## About this task
What is wanted is the full listing, word for word, without its pictures.

-------- Collected data

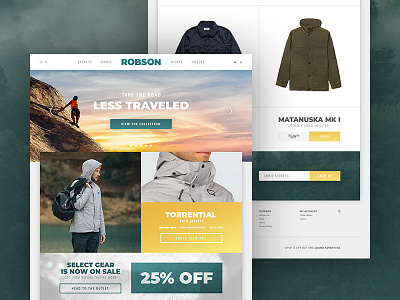 Robson - Retail Home Page carousel ecommerce home page landing page outdoor product retail shopping store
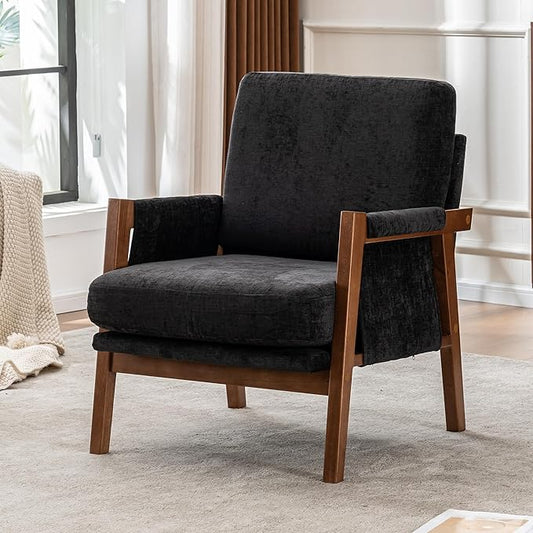 Mid Century Modern Accent Chair with Wood Frame, Upholstered Living Room Chairs with Wide Armrest, Chenille Fabric Comfy Arm Chair for Bedroom, Reading Room, Balcony (1, Black)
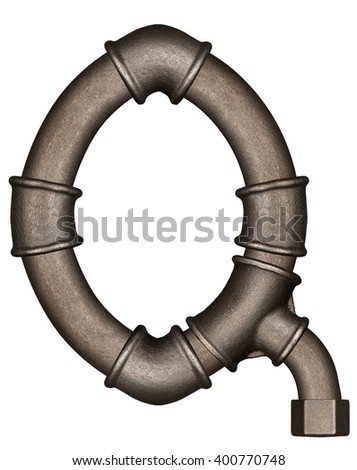 Industrial metal pipe alphabet letter Q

----------------

## Written response
 Robson - Retail Home Page carousel ecommerce home page landing page outdoor product retail shopping store
 Mid Century Modern Accent Chair with Wood Frame, Upholstered Living Room Chairs with Wide Armrest, Chenille Fabric Comfy Arm Chair for Bedroom, Reading Room, Balcony (1, Black)
 Industrial metal pipe alphabet letter Q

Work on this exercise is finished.